Grain Cleaners

I would like to clean my own rye to plant for a cover crop. I've been spinning it on and this works well for me, but next year I would like to sell some, and I think it would be more marketable if it was clean enough to drill. I can get it very nice with the combine, but not good enough to drill. What kind of grain cleaner do I need, how do they work, and what do they cost? I've never seen or been around a grain cleaner before. Thanks in advance,
Josh
 
where in PA are you?

I know of a Feterl 85 for sale on this end of the state.

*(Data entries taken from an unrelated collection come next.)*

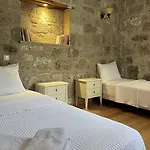 Masala Alacati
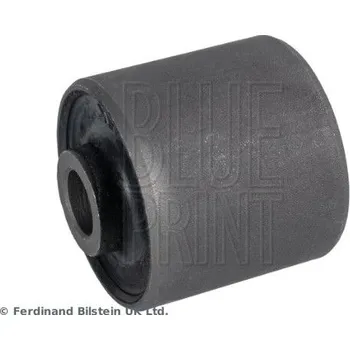 Zavěšení kol Uložení, řídicí mechanismus BLUE PRINT ADJ138025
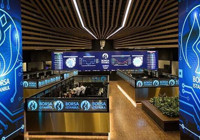 Son dakika haberi: SPK'dan Borsa İstanbul kararları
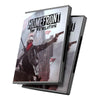Homefront : The Revolution - Pc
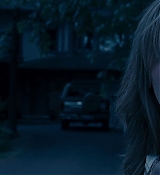HouseEndStreet_00661.jpg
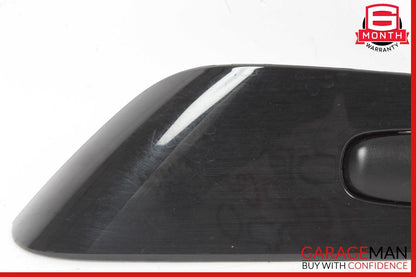 11-17 Nissan Leaf Rear Right Door Window Switch OEM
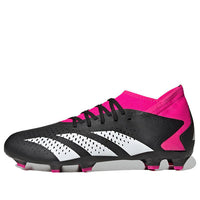 adidas Predator Accuracy.3 FG 'Own Your Football Pack' GW4589
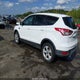 1FMCU9GX7EUE01114 2014 Ford Escape Se auction photo thumbnail 3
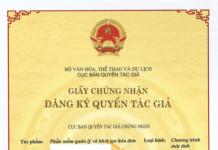 Thủ tục đăng ký bản quyền như thế nào? thủ tục đăng ký bản quyền quyền tác, thủ tục đăng ký bản quyền quyền tác như thế nào, thủ tục đăng ký bản quyền quyền liên quan, đăng ký bản quyền quyền liên quan, đăng ký bản quyền phần mềm, đăng ký bản quyền logo, đăng ký bản quyền tác phẩm viết, đăng ký bản quyền logo, đăng ký bản quyền bài hát, đăng ký bản quyền tác giả, quyền liên quan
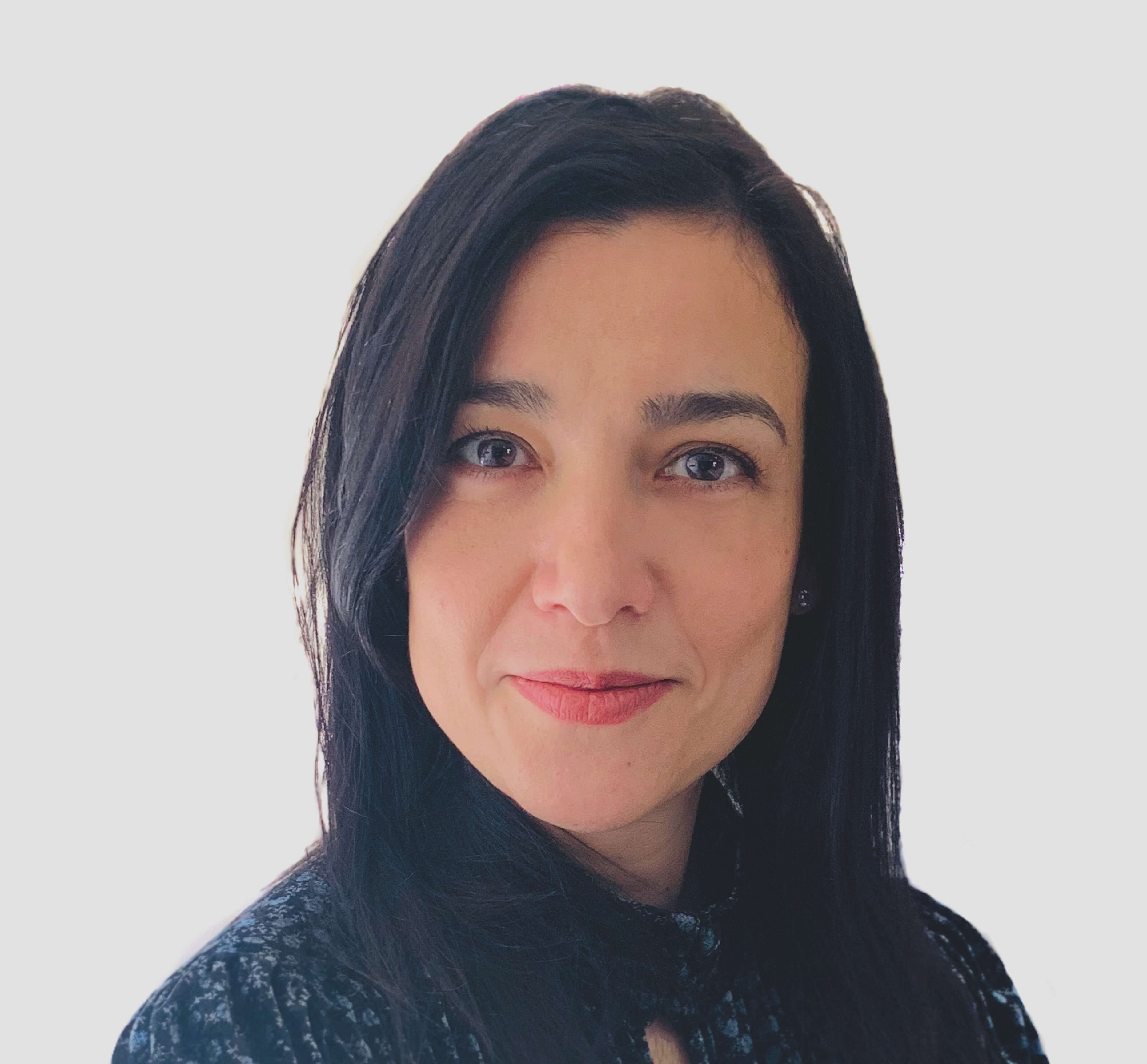 Judit Durán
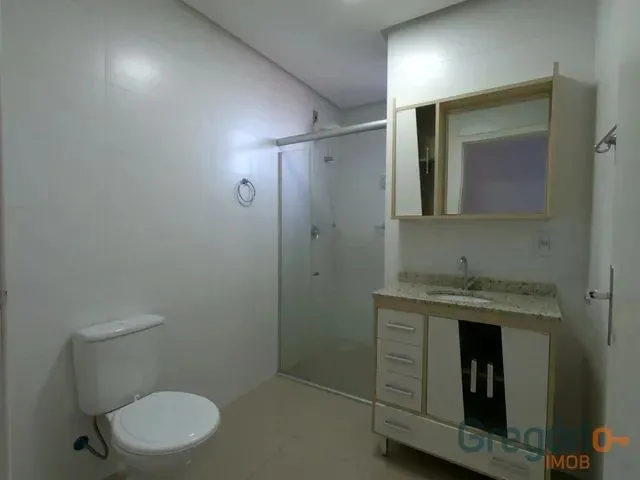 Imagem 3: Apartamento 01 Dorm. em Petrópolis - Passo Fundo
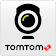 TomTom Bandit icon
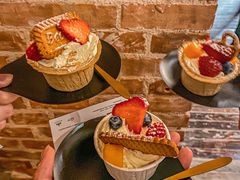 -Big House当代艺术中心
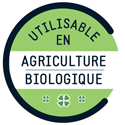 Produits biologiques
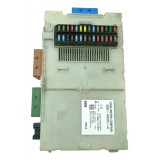 Modulo Bsi Land Rover Freelander 2 3.2 2008 2009 2010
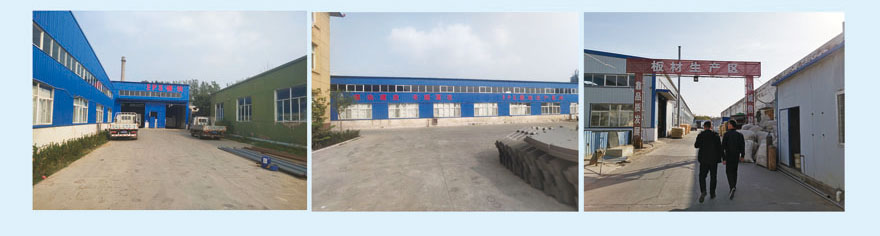 泡沫大模塊 泡沫大模塊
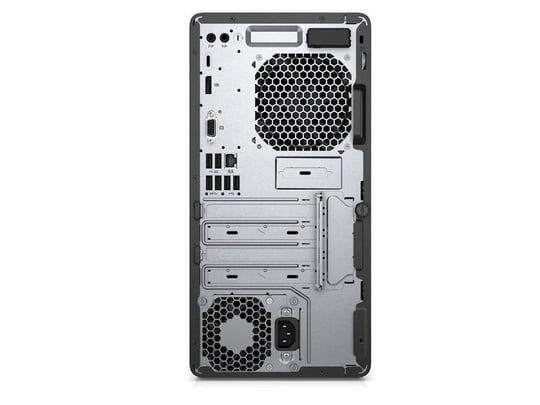 HP ProDesk 600 G5 MT - 1607919 #3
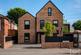 Crosbie Road, Birmingham B17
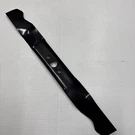 Oregon 98-007 Mulching Blade 20-15/16" For Snapper Cub Cadet Walk-behind Mowers. Fixed Price $19.99.
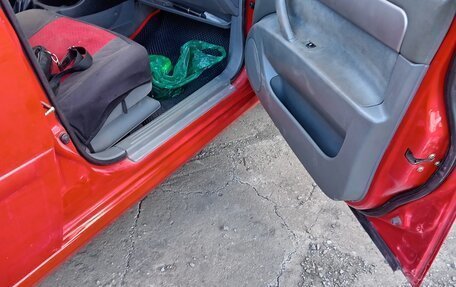 Chevrolet Lacetti, 2006 год, 365 000 рублей, 6 фотография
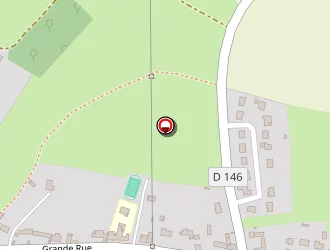 Carte de Aj Conseil à Sorrus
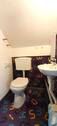 WC DG - 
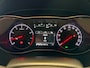 Opel Zafira 1.4 Turbo Online Edition 7p.|TREKHAAK|CAMERA|CRUISE|STOELV|STUURV|NAVI|BLUETOOTH|CARPLAY|17INCH|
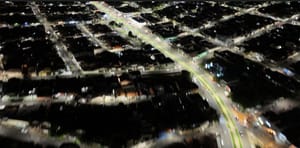 Tremor sentido em Igarapava teve origem em Araxá; não houve danos, diz USP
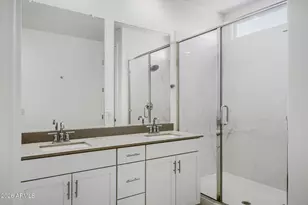 3133 S 156th Dr, Goodyear, AZ 85338 - Photo 11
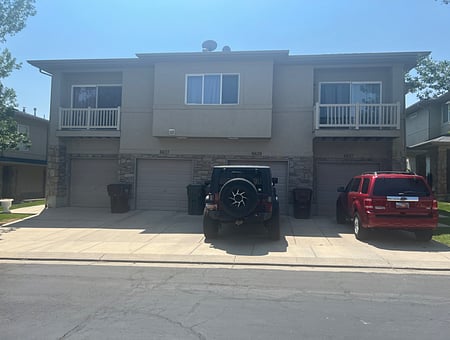 property_photo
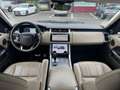 Land Rover Range Rover Sport 3.0 sdV6 HSE Dynamic 249cv auto my19 - FV362FC Verde - thumbnail 8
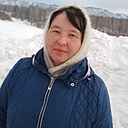 Олена, 49 лет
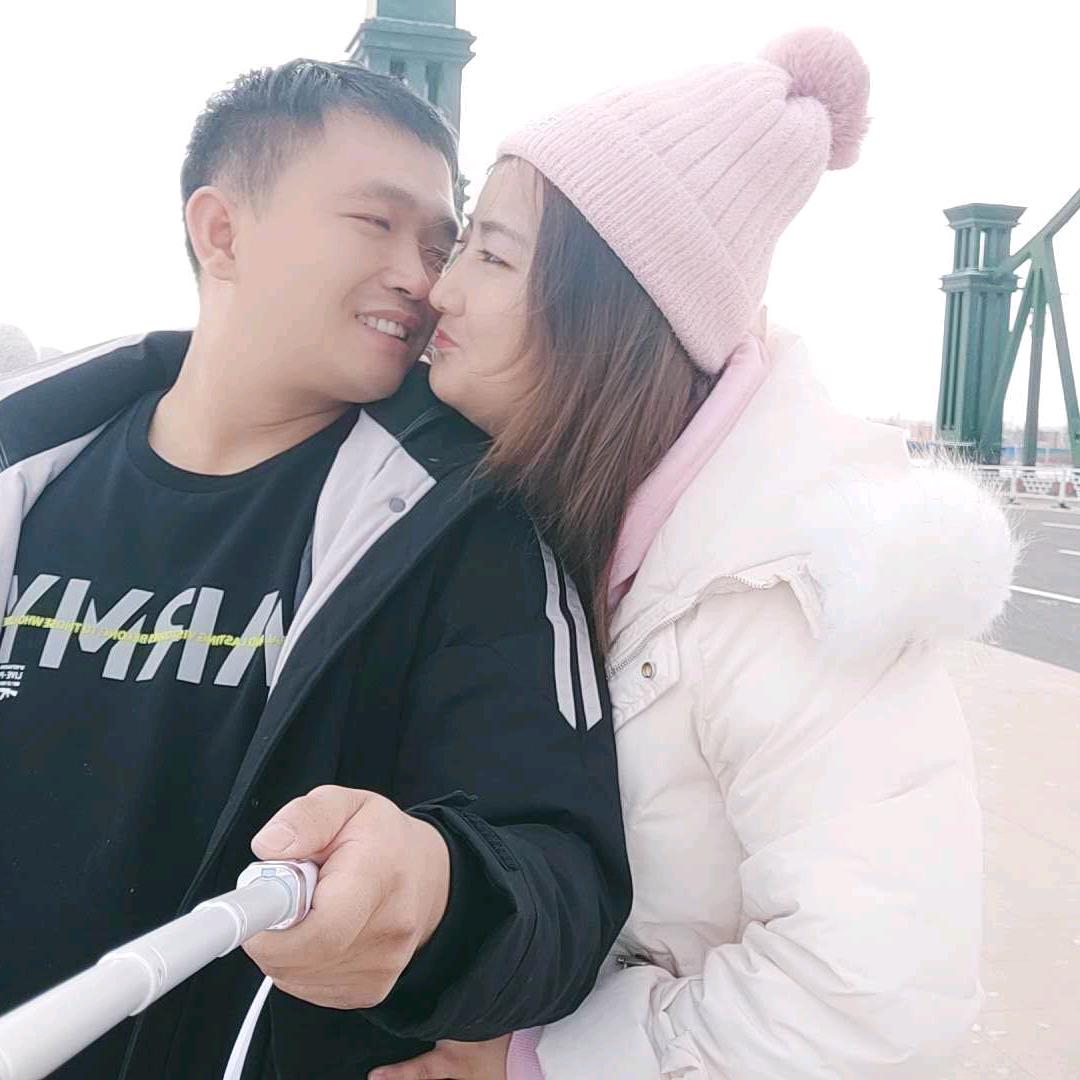 温柔.只能我独占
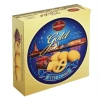 Bánh Cookies Bơ Majestic Hộp Vàng 382g - Ngon Tết 2.025, Chính Hãng, Giá 139k 2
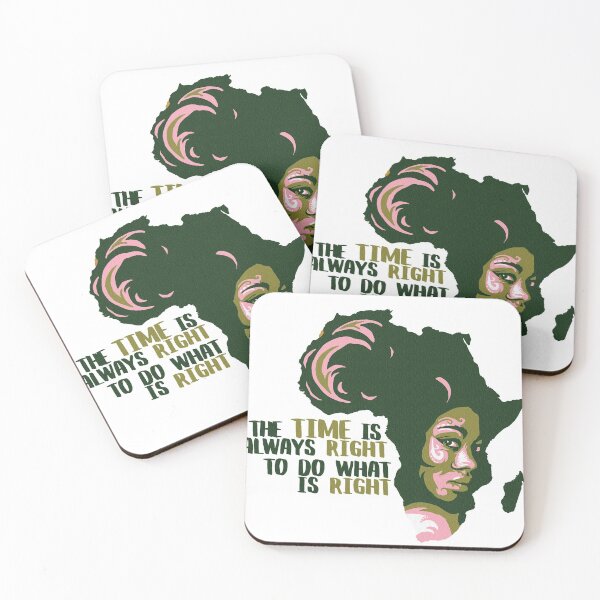 Item preview, African American Woman designed and sold by mevvo.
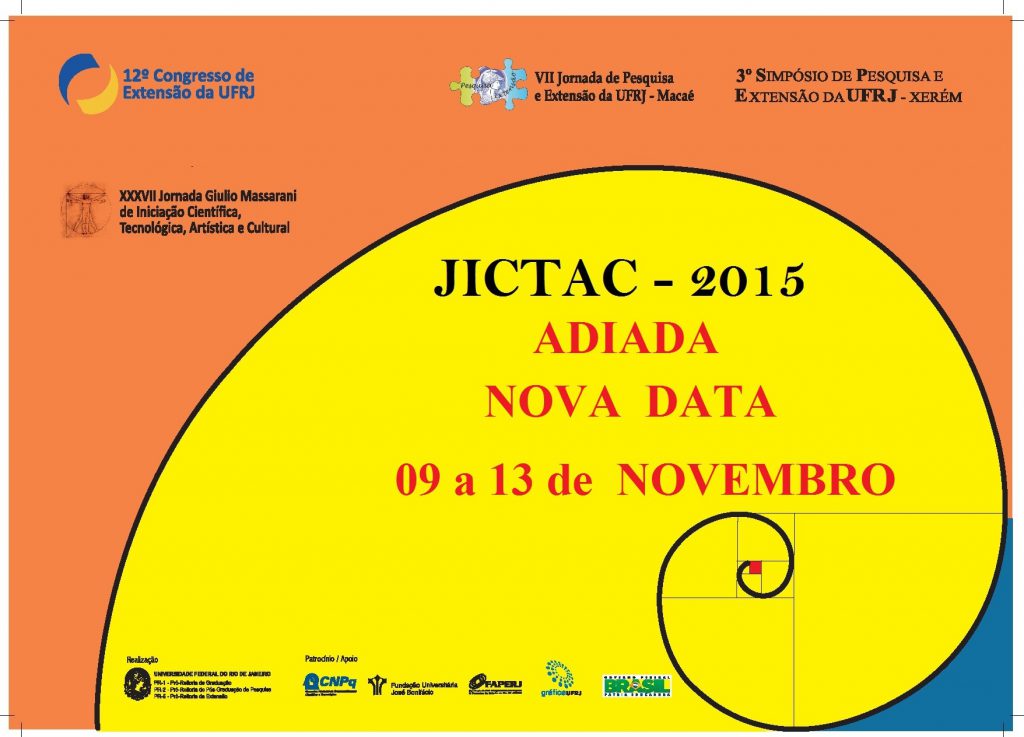 jictac_2015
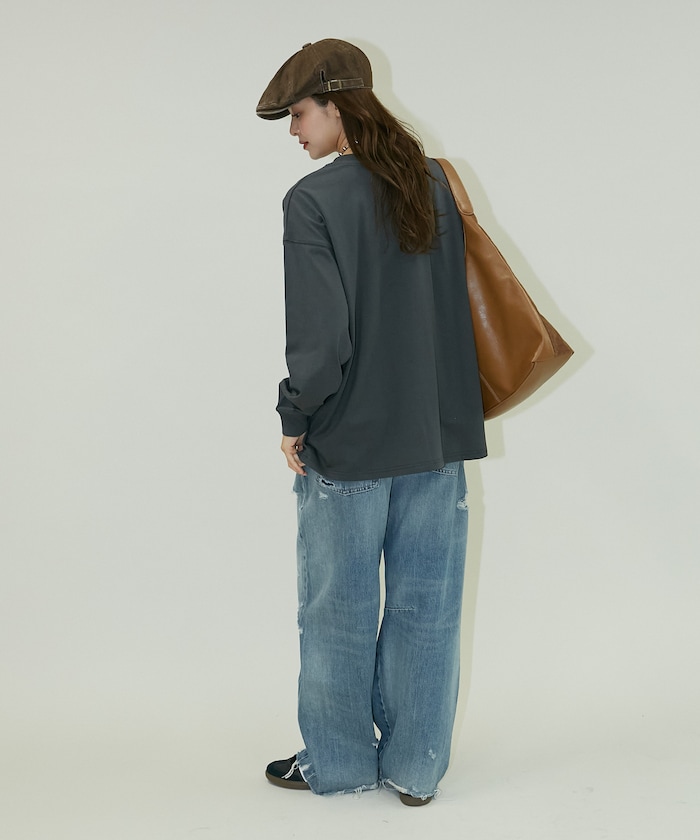 商品サムネイル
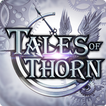 Tales of Thorn: Global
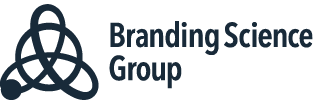 Branding Science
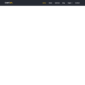 Danish Personal Portfolio Resume Elementor Templat - Elementor Template Kit - Image 3
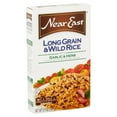 thumbnail image 2 of Near East Garlic & Herb Long Grain & Wild Rice Mix, 5.9 Ounce Boxes, 2 of 4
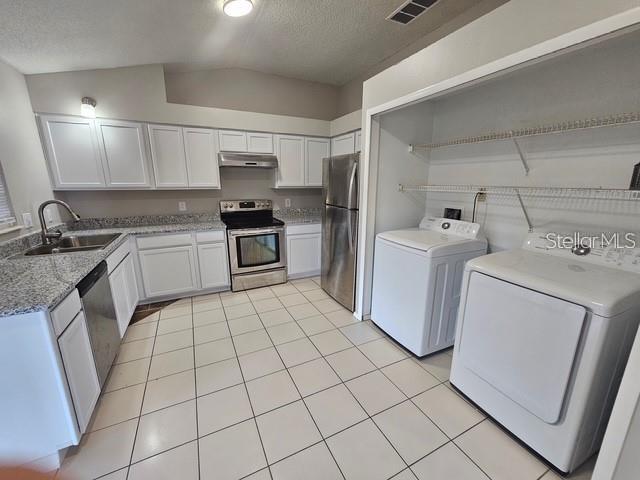 10148 Pink Carnation Ct Property Photo 12
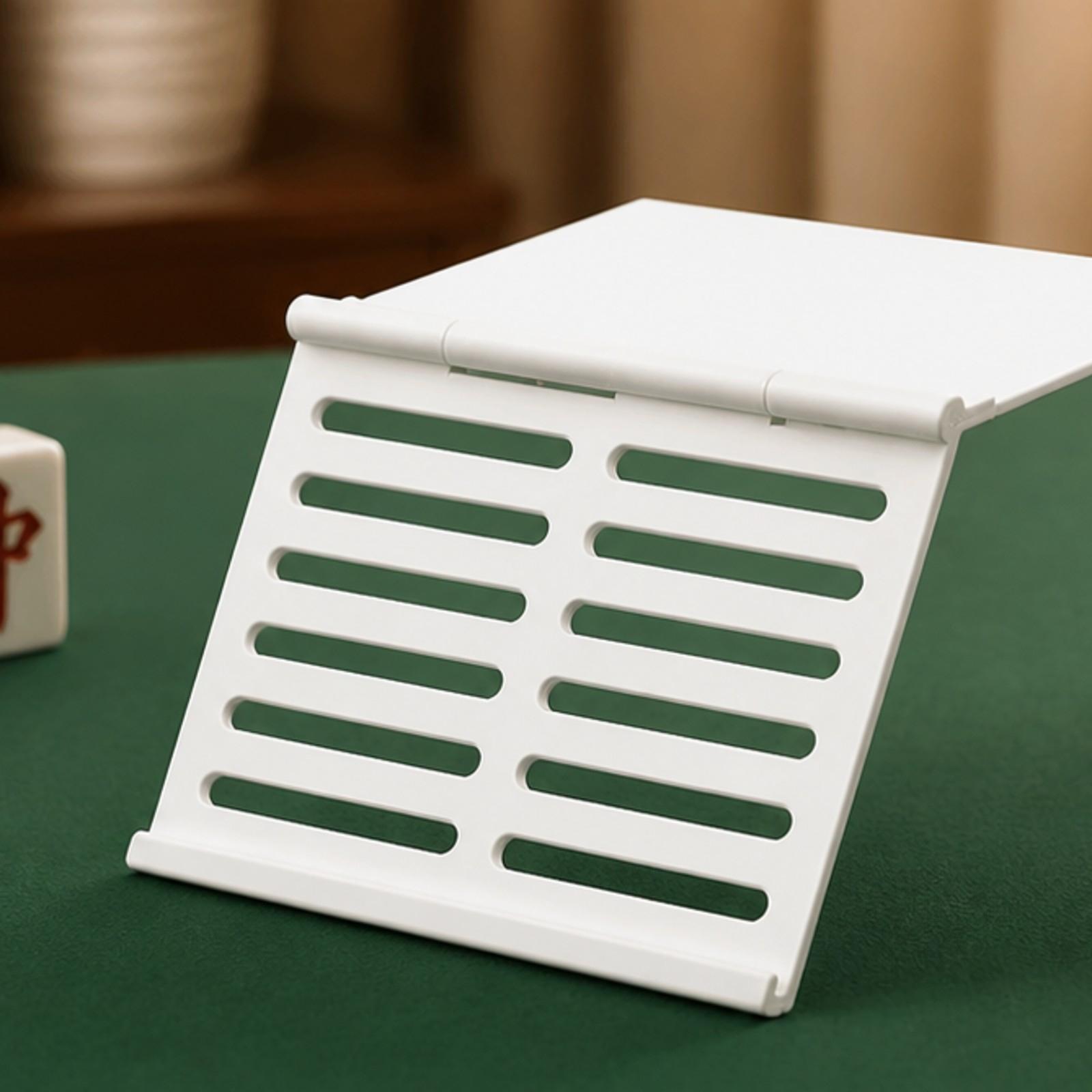 حامل بطاقات قابل للطي من مادة  - مراجعة Gaming Card Holder وسعره
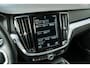 Volvo V60 2.0 B3 Momentum Advantage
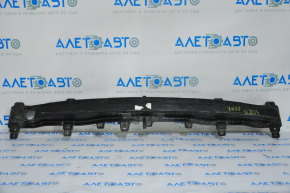 Rear bumper reinforcement Kia Sorento 16-18 prerest usa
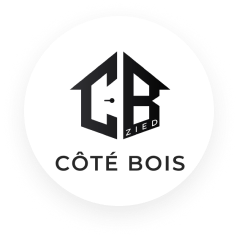 cote-bois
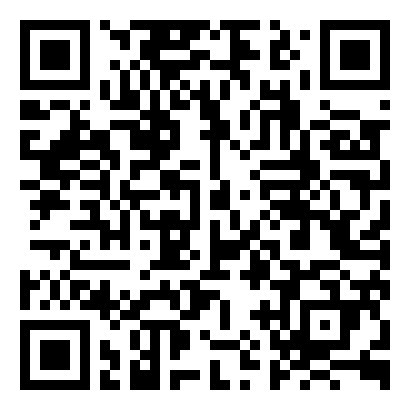 移动端二维码 - 清华园 古城公园环绕 精装修 拎包入住采光无敌 - 临汾分类信息 - 临汾28生活网 linfen.28life.com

For cleaning rye, you want to get a small rotary screen cleaner that goes in line with your auger. instead of emptying your gravity box into the auger hopper, you unload into the cleaner hopper, the grain goes roundy round in the rotary screen, then drops out the other end into your auger hopper and up up and away. the process doesn't slow down unloading very much. You just have to be sure to get teh right sized screen for hte crop you are doing.
 
What you want is commonly called a fanning mill and good ones will take out both oversize and undersize cleanings. I do not think the rotary type would take out pieces of straw and that type of material, only dirt smaller than the seed as it would have to have 2 screens for that. Look for A.T.Ferral, (Clipper Fanning mill) they still make new fanning mills and are located in Bluffton, Indiana. That should give you good ideas to go on. And there mills are what the sead companys used for years. Once you know what to look for there are farm sized used units avaible used.
 
i also harvest my own rye, for my own use. instead of a fanning mill, i just auger the rye back into the combine separator. i close down the seive and chaffer a tiny bit, also close the concave one notch since i don"t have to worry about breaking up the straw anymore, then dump the grain into the top of the straw walkers. just got to angle it forward enough so it doesn"t throw out the back. i find that to get the grain clean in the tank, a tiny bit will go out the back, but that"s easily scooped up afterward.
 
I have a Clipper grain cleaner that will do wonderful if you have all of the screens for it. I have found them at farm sales over the years. I use mine every year on wheat and oats. I usually only buy new seed every other year and clean my own the rest of the time.
 
I have a J. W. Hance fanning mill. It is in good condition will all the screens intact. I have run some rye through it and it seems to clean well. But I think it is running backward as the fan is sucking air across the screens instead of blowing it up through.

Has any one operated or have operating instructions for a Hance? Also the screen size vs grain card on the machine is too deteriorated to understand so I am guessing on whether I have the right screens in the machine. This is the only fanning mill I have seen with two oscillating stages and its engineering seems quite modern. The fan is a steel squirrel cage and not a wood paddle type.

Any help would be appreciated, thanks.